We then fitted a oil draining tap about 8" up from the bottom of the barrel, and a water draining tap at the very bottom.

Now for the fun bit! I already had 10 cans of waste veg oil that had been collected last year from a local pub, and had been settling for a year. Tim up-ended these into the filter barrel until the point where the whiteish looking animal fat just started to appear at the mouth of the can - you don't want that in the mix, so it was time to stop pouring.

We poured about 80 litres of WVO into the tank, and then emptied it via the drain tap into 3 empty cans. We then poured these back into the top of the filter for a second pass through the now wetted filter bag.

The following morning we extracted about 70 litres of perfectly filtered veg oil, 20 litres of which, Tim poured straight into the tank of his Mitsubishi jeep (photo above). The rest I kept in the filter tank for the Lister engine generator.

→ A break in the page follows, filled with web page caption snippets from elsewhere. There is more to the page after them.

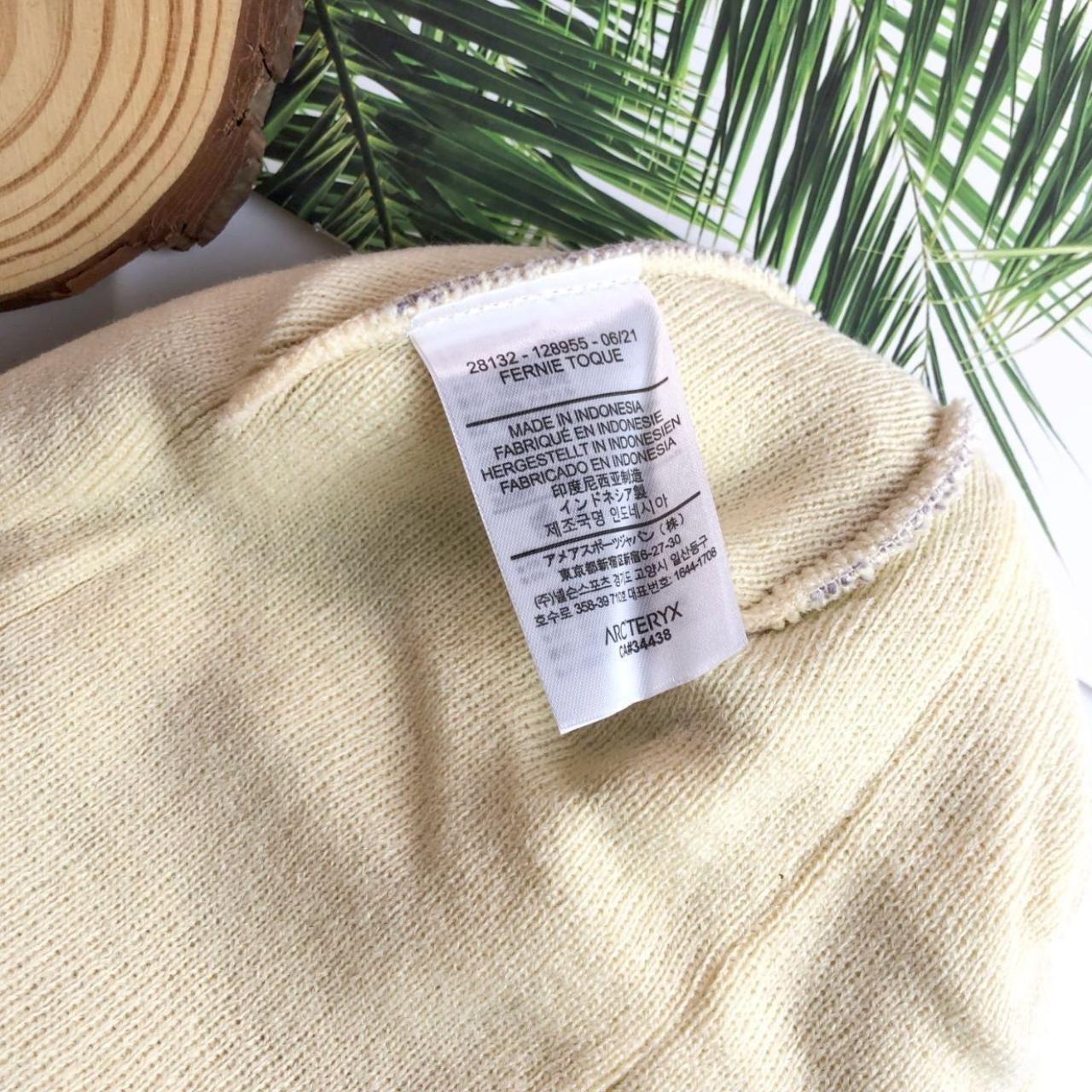 Arc'teryx Grotto Beanie Beige Knit Toque Warm Unisex Outdoor Winter Hat New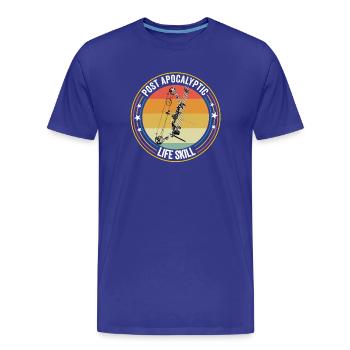 Bogenschießen Postapokalyptische Lebensfähigkeit - Männer Premium Bio T-Shirt - Königsblau - Vorne - Damien (186cm)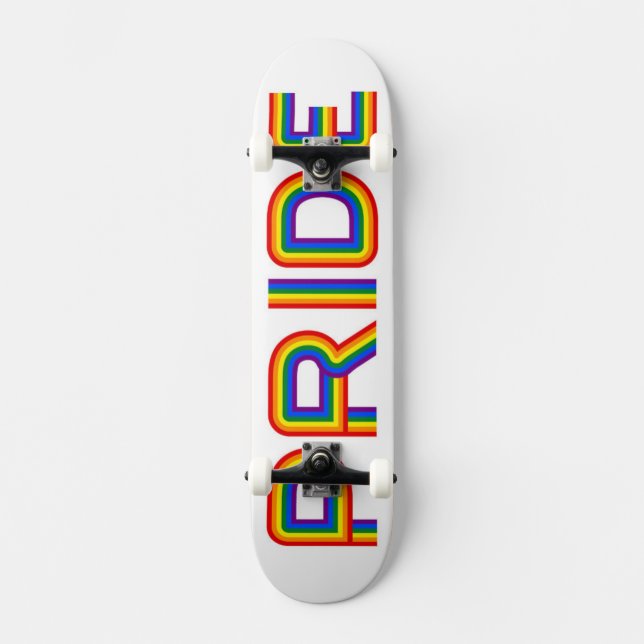 Skateboard Orgullo| Cartas arcoiris (Anverso)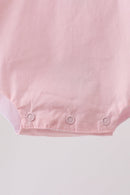 Pink ribbon ruffle bow bubble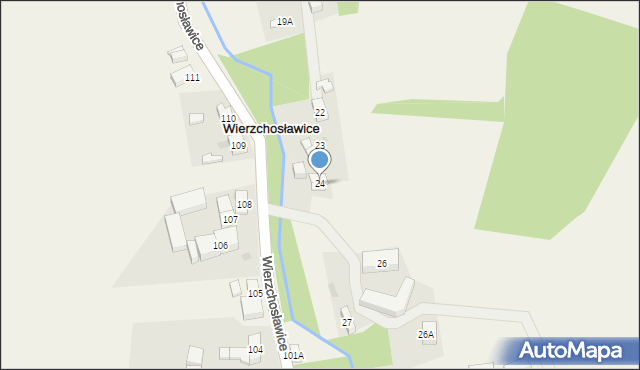 Wierzchosławice, Wierzchosławice, 24, mapa Wierzchosławice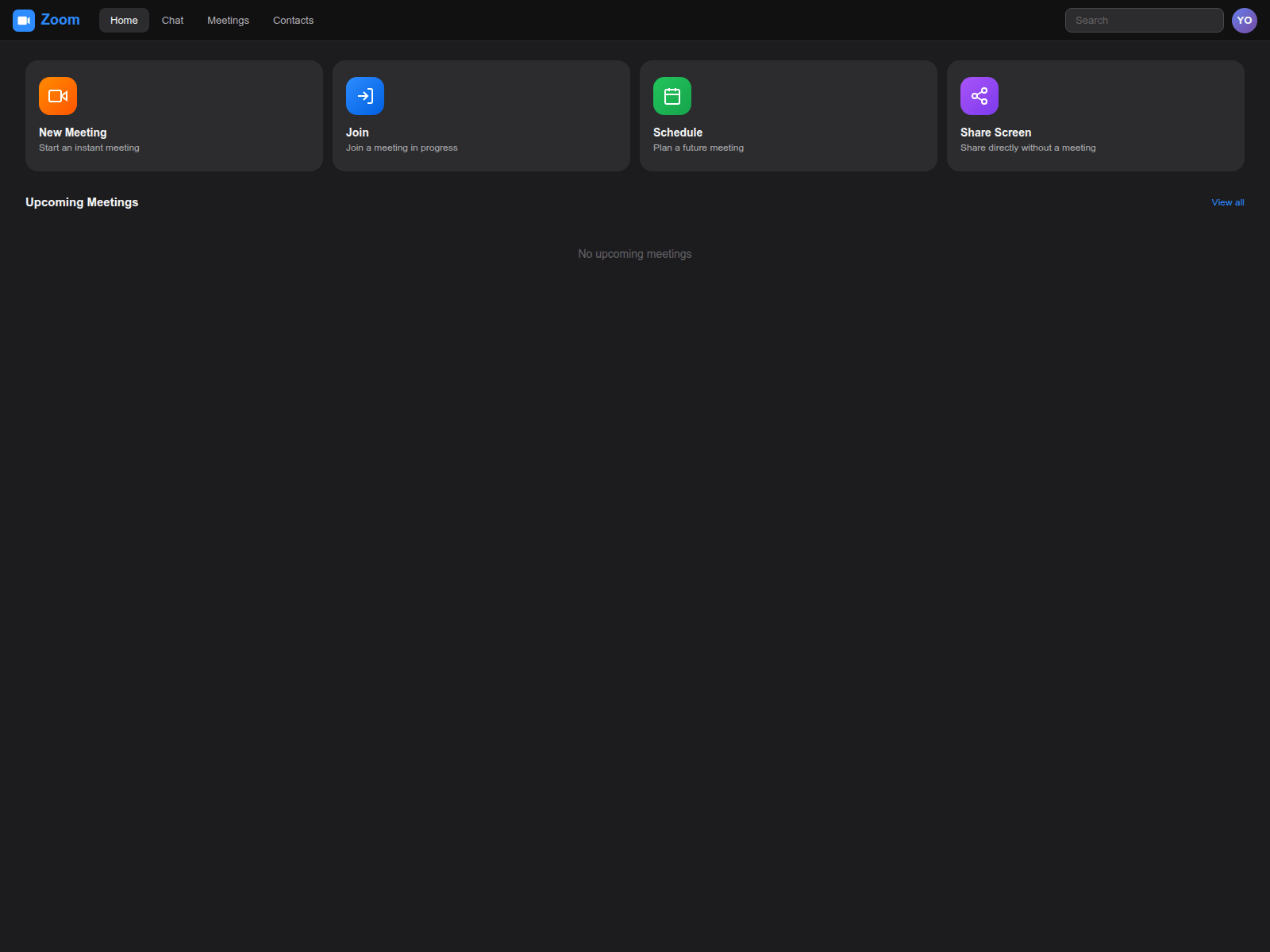 Screenshot of zoommeeting.tech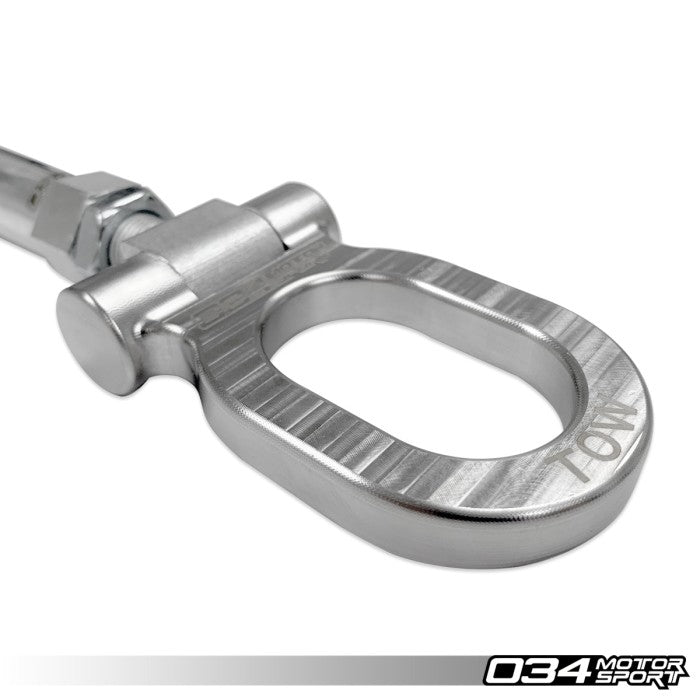 Motorsport Stainless Steel Tow Hook 105mm for Audi B8/B8.5/MQB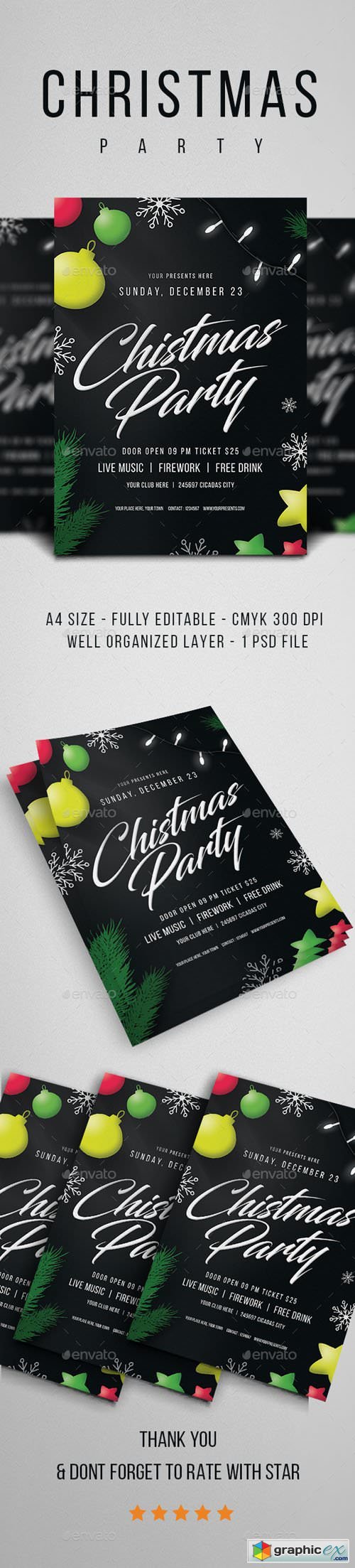 Christmas Party Flyer Vol.4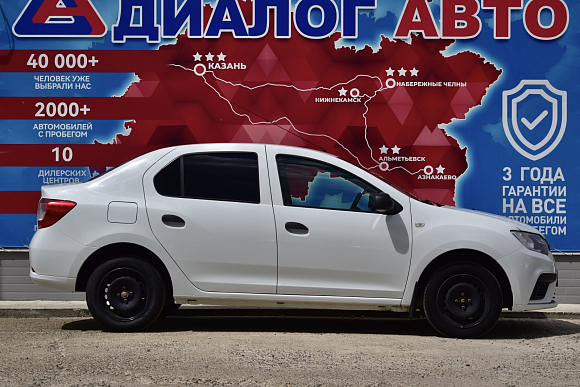 Renault Logan Access, 2019 года, пробег 78500 км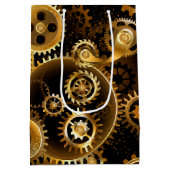 Naadloze Steampunk messing tandwielen Medium Cadeauzakje (Achterkant)
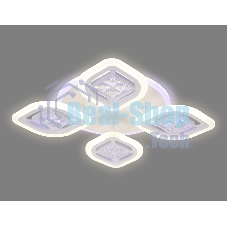 Светильник Ambrella light FA280/4 WH белый 69W 530*530*80 (ПДУ РАДИО 2.4G)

Thanks to Tim Dawson-Stanley for all his help and enthusiasm over the last few days. He specialises in the supply of vegetable oil fuelled combined heat and power systems and vegetable oil conversions for vehicles in southern Ireland. Tim can be contacted at timfromtang@gmail.com

The Lister has been running for several hours for the last two days on the filtered waste vegetable oil - straight from the filter barrel - there will be an update in a later post.